Records for processing:

+++

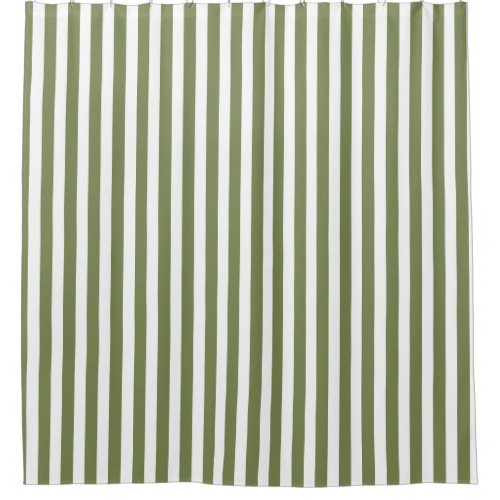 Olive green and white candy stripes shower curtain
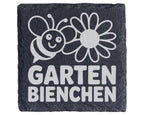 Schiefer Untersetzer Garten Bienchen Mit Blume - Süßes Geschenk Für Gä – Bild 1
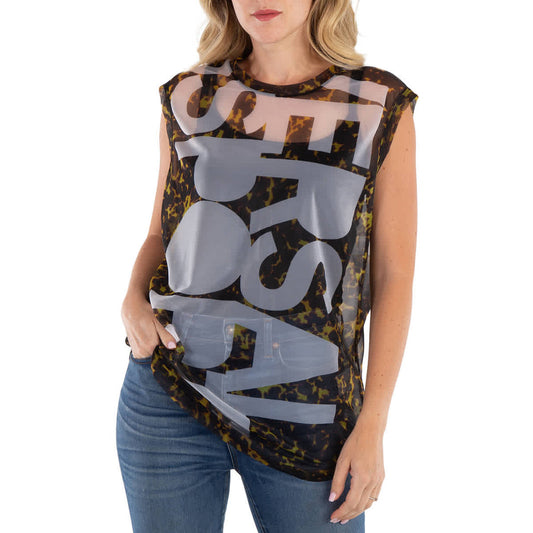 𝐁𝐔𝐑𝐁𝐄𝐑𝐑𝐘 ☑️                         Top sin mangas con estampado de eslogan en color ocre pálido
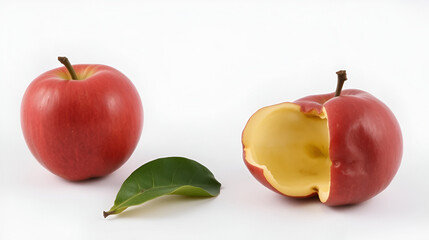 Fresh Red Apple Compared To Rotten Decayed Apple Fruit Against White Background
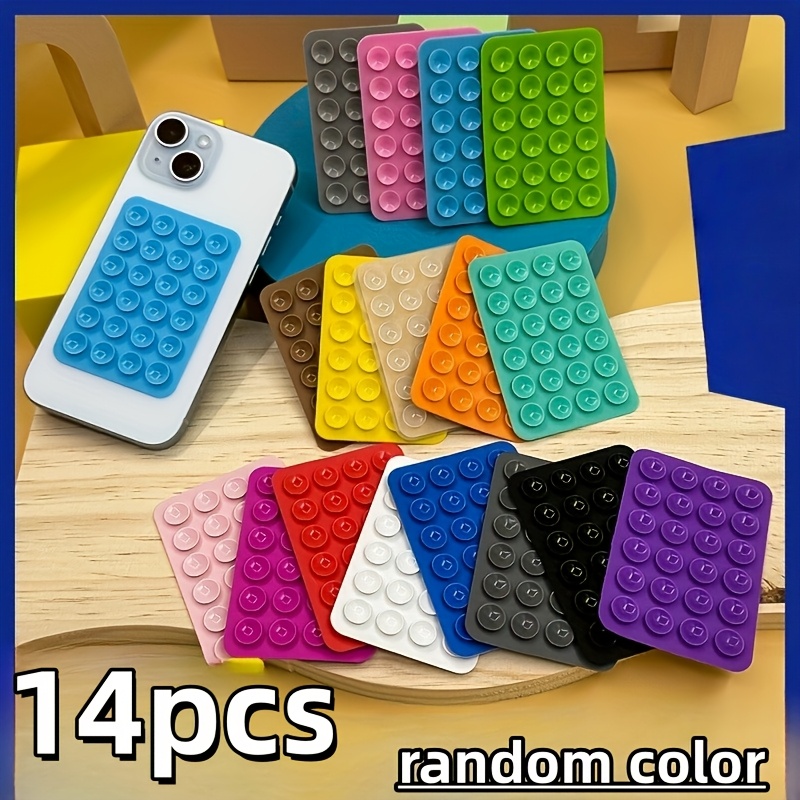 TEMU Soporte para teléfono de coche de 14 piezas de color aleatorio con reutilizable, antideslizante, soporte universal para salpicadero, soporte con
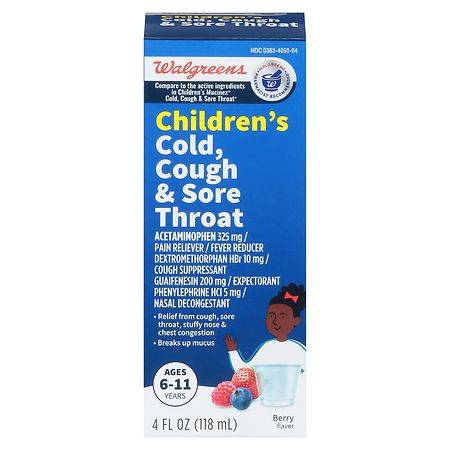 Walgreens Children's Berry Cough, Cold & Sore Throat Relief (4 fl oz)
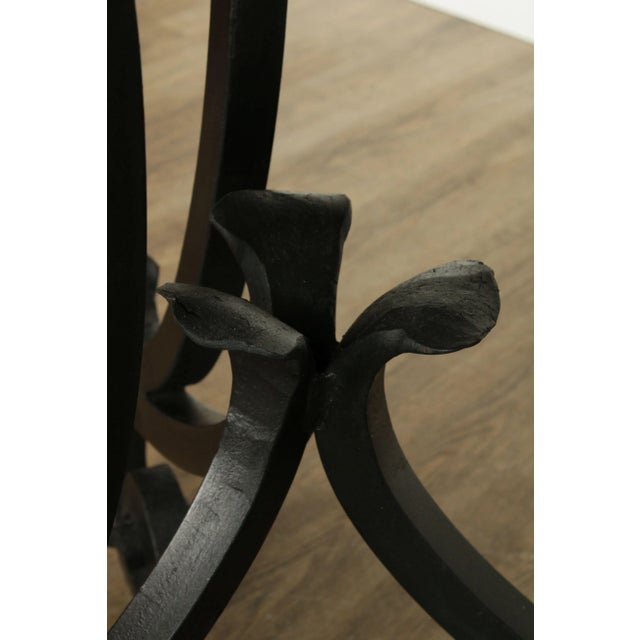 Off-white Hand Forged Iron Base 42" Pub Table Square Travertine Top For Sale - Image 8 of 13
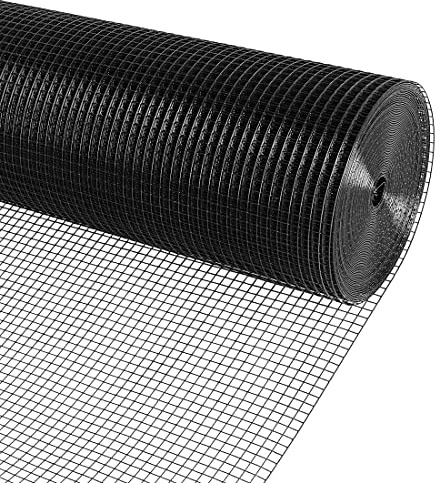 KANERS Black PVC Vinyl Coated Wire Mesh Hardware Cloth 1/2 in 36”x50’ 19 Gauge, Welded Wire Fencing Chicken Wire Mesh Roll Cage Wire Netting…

+++

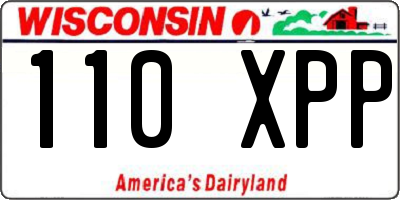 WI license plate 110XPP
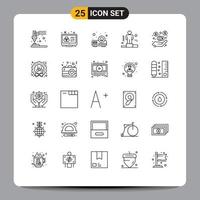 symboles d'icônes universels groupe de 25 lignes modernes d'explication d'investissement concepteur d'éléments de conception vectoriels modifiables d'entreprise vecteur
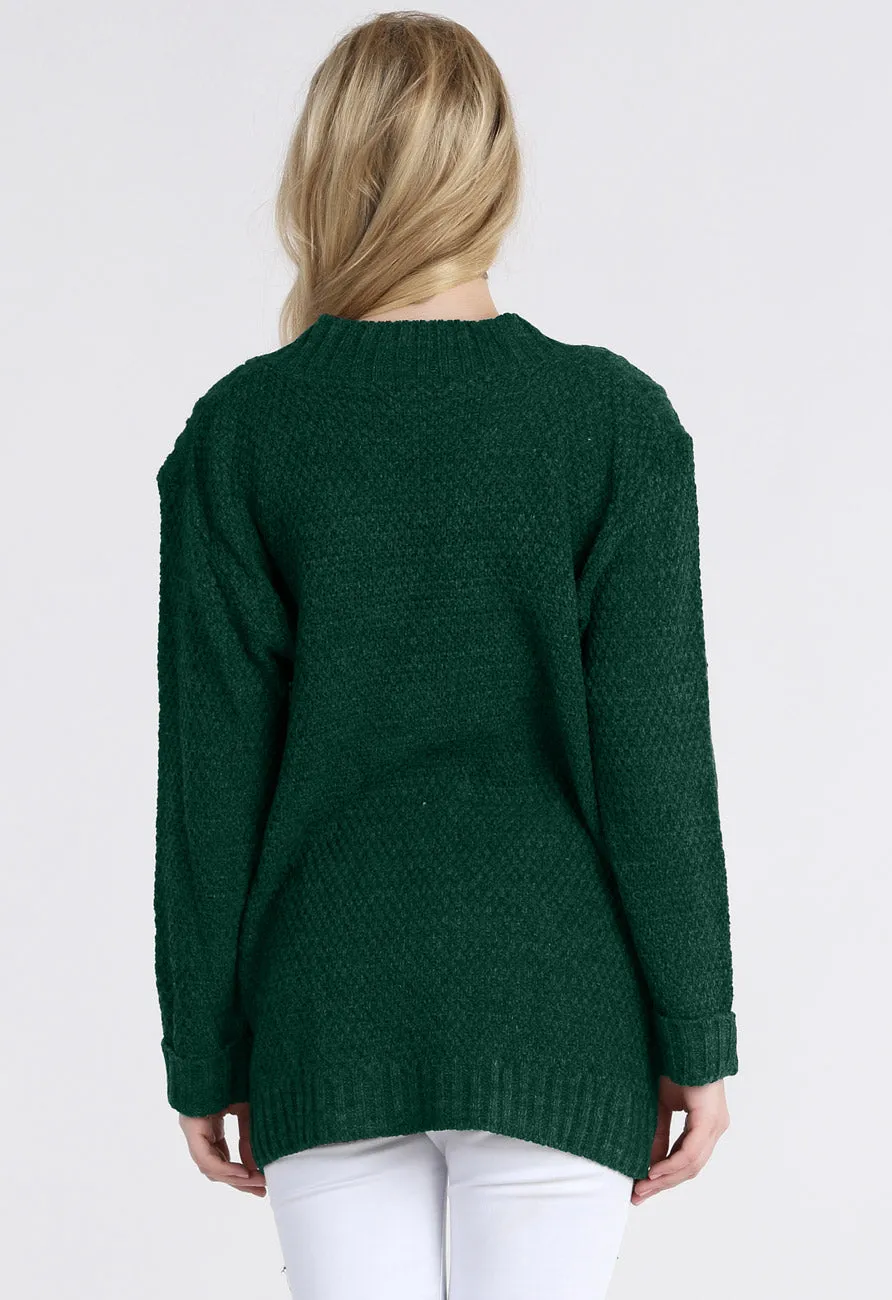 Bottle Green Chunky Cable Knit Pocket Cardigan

+++

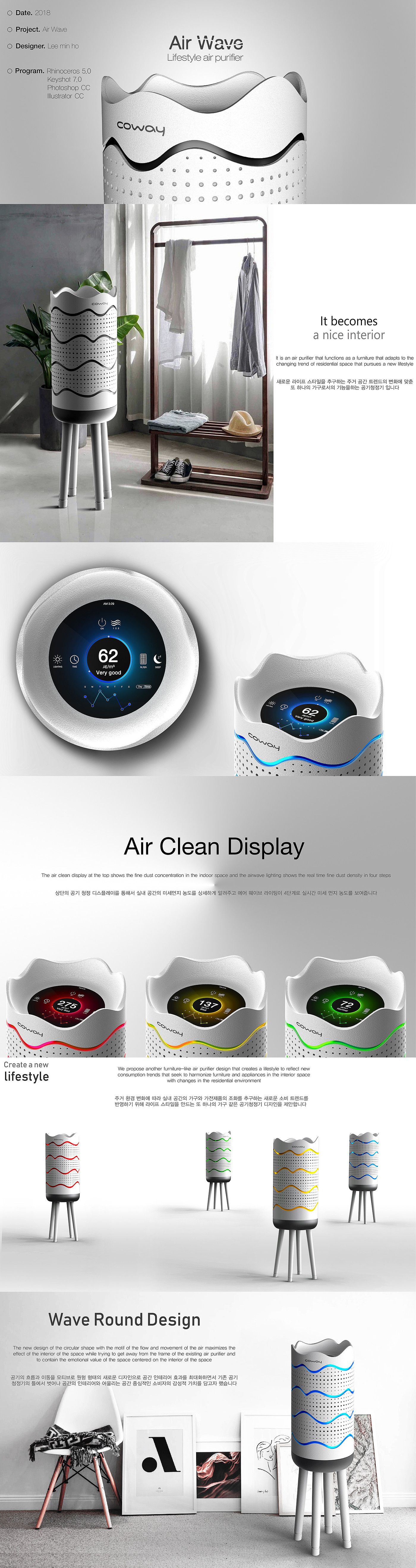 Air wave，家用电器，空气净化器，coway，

+++

Your task:
Start at the line containing "Olive green and" above and stop at the line containing "KANERS Black PVC". Output those lines exactly, both included, but none of the pictures.

Task result:
 Olive green and white candy stripes shower curtain
 Schiefer Untersetzer Garten Bienchen Mit Blume - Süßes Geschenk Für Gä – Bild 1
 𝐁𝐔𝐑𝐁𝐄𝐑𝐑𝐘 ☑️                         Top sin mangas con estampado de eslogan en color ocre pálido
 Fresh Red Apple Compared To Rotten Decayed Apple Fruit Against White Background
 TEMU Soporte para teléfono de coche de 14 piezas de color aleatorio con reutilizable, antideslizante, soporte universal para salpicadero, soporte con
 Walgreens Children's Berry Cough, Cold & Sore Throat Relief (4 fl oz)
 Off-white Hand Forged Iron Base 42" Pub Table Square Travertine Top For Sale - Image 8 of 13
 KANERS Black PVC Vinyl Coated Wire Mesh Hardware Cloth 1/2 in 36”x50’ 19 Gauge, Welded Wire Fencing Chicken Wire Mesh Roll Cage Wire Netting…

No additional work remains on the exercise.